伊勢古市に「麻吉」の料理店として創業200年、現在旅籠として営業中の宿に1泊。
木造建築、下の敷地から段々に2・4・6段階。
写真で見る2階部分が下の道路からの6階部分に当たる。3部屋、間仕切りを全開放ゆったりの宿泊と成った。道路から見える建物の内側はコの字型に長い廊下が回っている。
江戸時代には江戸の吉原、京都の島原、大阪の新町、長崎の丸山に並んで、此の伊勢の古市は「五大遊郭」と言われたとの事。古市の麻吉はかつてお伊勢さんへの「おかげ参り」の帰路、旅人の「精進落とし」の料理屋として栄えた。当時使用の調度品が麻吉資料館内に収納されていて、拝観を希望、翌朝ご主人の案内で1の蔵、2の蔵3.4の蔵の見学と成った。
江戸の職人の作った漆塗り膳に細かい配慮、心使いが施されているのを見、三宝院ご住職の”心”と何気ない調度品に人の”心”の現れを深く感じる事と成った。
麻吉の資料館に収集されているこれらの調度品は現在でも希望すると、古市の栄えた当時の料理を忠実に再現、資料館の飾り物の調度品ではなく実際に使って献立して下さるとの事。
何時かそんな、ゆとりの時間を麻吉の宿にて持ちたいなと思った。
3人揃って入浴中にすっかり夕食のお膳が整っていた。実は2階迄の階段、45度、蹴上げが高く足の短い私には大変、2度もスリッパが飛んでしまった。一般家庭の階段ではなく、はしご段みたいな感覚で此の階段を食事の膳を運ぶのは、大変!!とそんな事に感心してしまった。
朝散歩に出かけた、犬を散歩させている人が多い.行交う人、皆、気の良さそうな人ばかりで、気安く話しかけてくる。近くを近鉄線が走っている宇治山田駅で下車して此処に来たのと言う。近くに見える高い山を指差して浅間山という事、特別な見所はないが、油屋お紺のお墓があると、お墓じゃしょうがないが「直ぐ其処だよ!」と言う。
油屋お紺と言ったら歌舞伎の狂言で、伊勢音頭恋の刀??刃?忘れてしまったが何度か見たーーーあのお紺?と聞いてしまった、此処は伊勢、あの有名なお紺!
歌舞伎座で刀を振り回し、油でつるつるすベって転ぶ、舞台が目の前に展開した。
朝食は又別の部屋に用意してくれた。

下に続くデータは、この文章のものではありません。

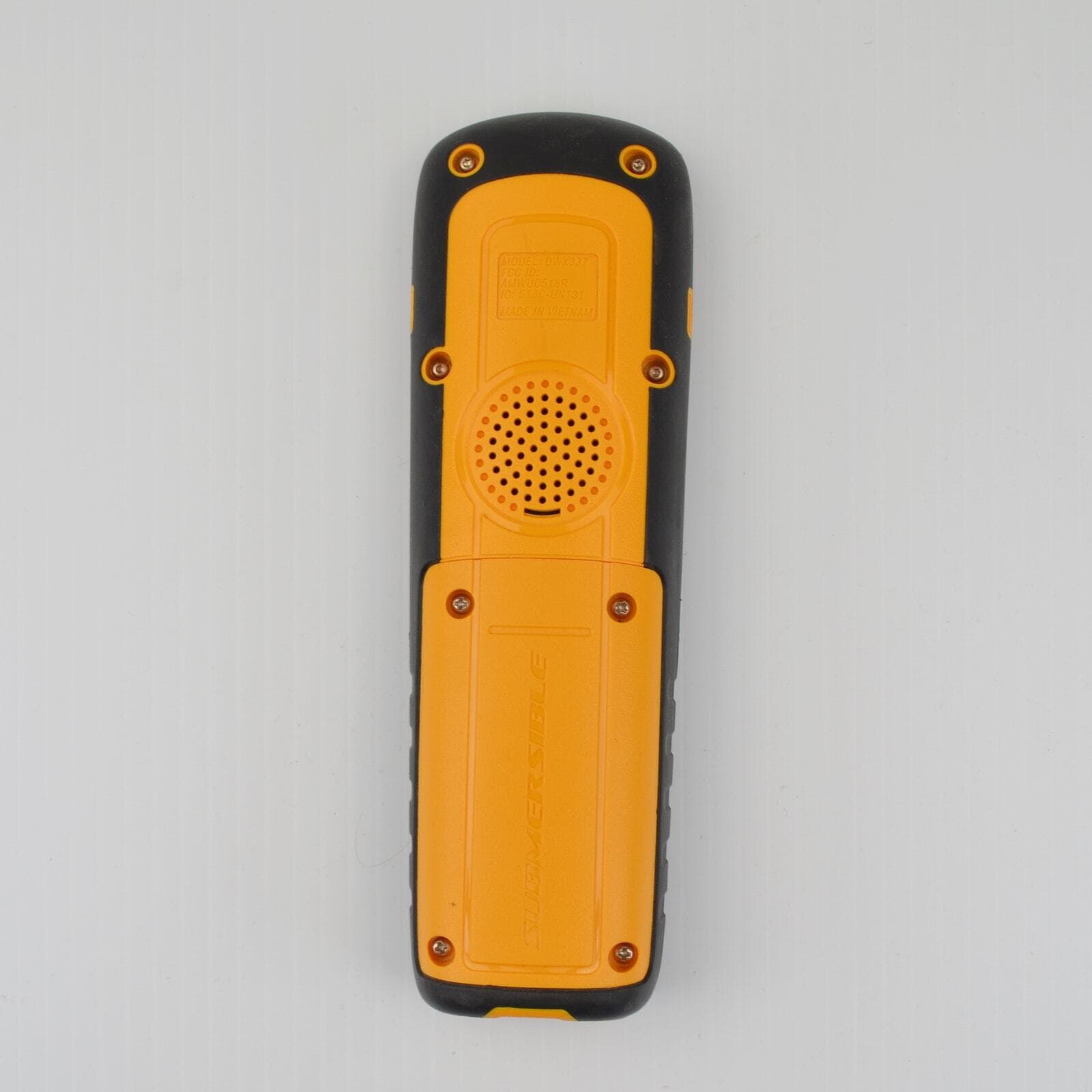 Uniden DWX337 Submersible Handset - Yellow - Untested Parts ONLY - NO Battery 2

其の棟の階下には外国人の為の、バストイレ付き洋室もあるとの事だった。
朝食についた焼き魚、80歳過ぎてこんな魚の開き方初めて見たと言う同行者。関東と関西では魚の開き方が違う、背開きと腹開き、私は特別意識した事はないが江戸の名残で腹開きは切腹を意味するので嫌うという事は知っていた。お膳に添えられた開きは奇麗に背骨に沿って頭がついていた。
ちなみに我が家の食事、あじのひものだった。比べて見るなんて事はなかったが比べる物が並んで初めて何かを感じる!